The series starts with The Golden Compass and follows Lyra, a young girl living in an alternate London. Her life has always been full of adventure and capers with her friend, Roger, and her daemon, Pan. But then the adults around her start getting interested in this elusive “dust,” and children are going missing. Lyra finds herself joining with unlikely allies as she dodges from one danger to another, trying to rescue Roger, save the children, and figure out what’s got everyone so upset.

In the Subtle Knife, Lyra has accomplished what she set out to do, but now she’s alone in another world. Until she runs into Will, a boy her own age who escaped his own London, and wants nothing more than to uncover the mystery of his father’s disappearance.
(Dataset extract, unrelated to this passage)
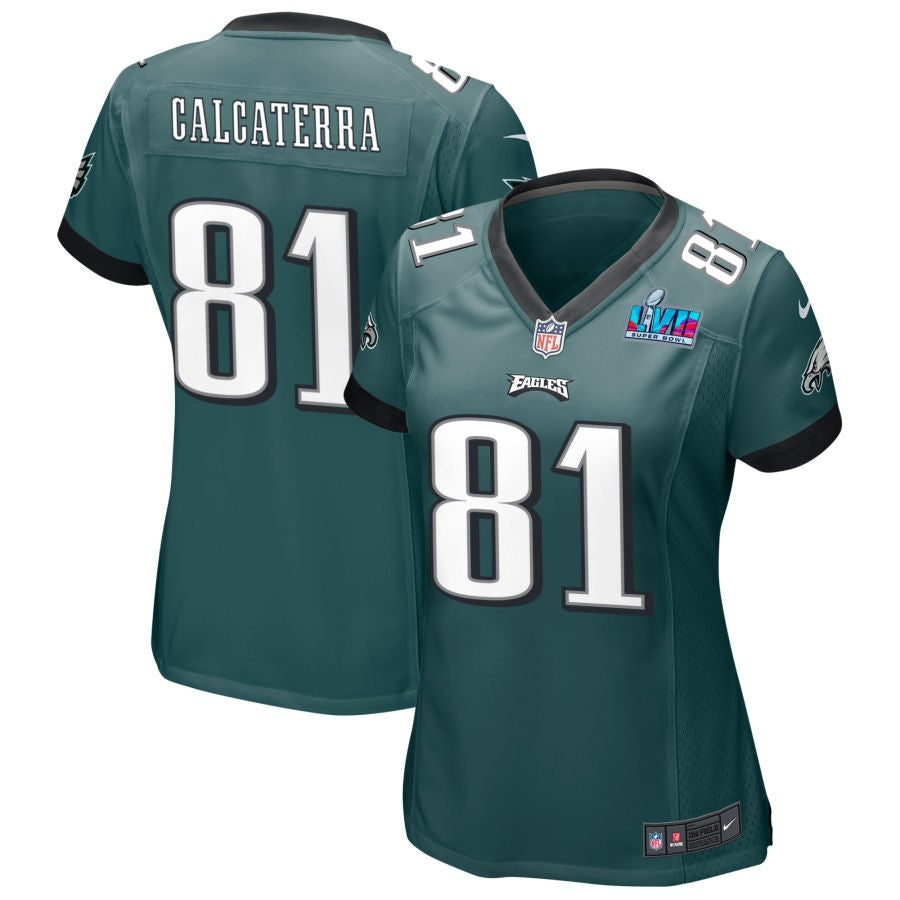 Grant Calcaterra Philadelphia Eagles  Women's Super Bowl LVII Game Jersey - Midnight Green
Together, they have to navigate new worlds, overcome new obstacles, and find ways to reunite with their friends who can help them.

The Amber Spyglass wraps up the story with everyone coming together for one great battle in an attempt to bring freedom to all the worlds. But first, they have to visit the world of the dead, and try to escape with their lives. Will and Lyra have some final allies to meet, and one final challenge, which proves to be the hardest of all.

I can’t lie, after reading the series again, I’d be find if The Golden Compass was simply a stand-alone novel (though, it would need a better ending. You can’t end a stand-alone with a gaping hole at the end). The series dabbles with some interesting ideas, but even as an adult, I found myself struggling to piece it all together and grasp the overarching theme. Dust is such a driving force in the first book, but then sort of takes a backseat until the very end, when it has a role to play in the story wrap up. Maybe I’d just need to read the series again, slower, in order to get all the allegory. But, then, the kids reading the series are sure to miss all that, too.

As far as the question of killing God in the end, while the series does suggest that it’s the Christian and/or Catholic religion they are after, it is still a work of fiction. In Pullman’s series, his version of god is an angel who took over and raised himself above the rest, and has since been intervening in the material world, setting rules for morality and passing judgment. As he weakened, he set his right hand in charge. In the end (forgive the spoiler), no one actually kills the Authority, as they call him. He just floats away, as all Pullman’s angels do when they die. The right hand, who is never referred to as god, is cast into a void. So, while parents will have to make choices as their convictions lead, I really don’t see it as problematic. I never thought of it as commentary on my Christian faith as a kid, and I don’t think of it that way now. I’m inclined more to suggest that it’s an opportunity to discuss the idea of fiction versus truth, and how fiction is different than lies. This is a fantasy series, no one is supposed to believe it’s speaking truth or reality.

Anyway, as far as the series goes, it’s a fun read, though as I said, it gets a little muddy on what the important themes are. The characters have depth, though, and it forces you to consider, what does repentance (for lack of a better word) mean, and does a life time of bad choices make it impossible for someone to change or make a good choice?

All in all, not a series I feel the need to have on my shelf, but not one I feel the need to blacklist, either.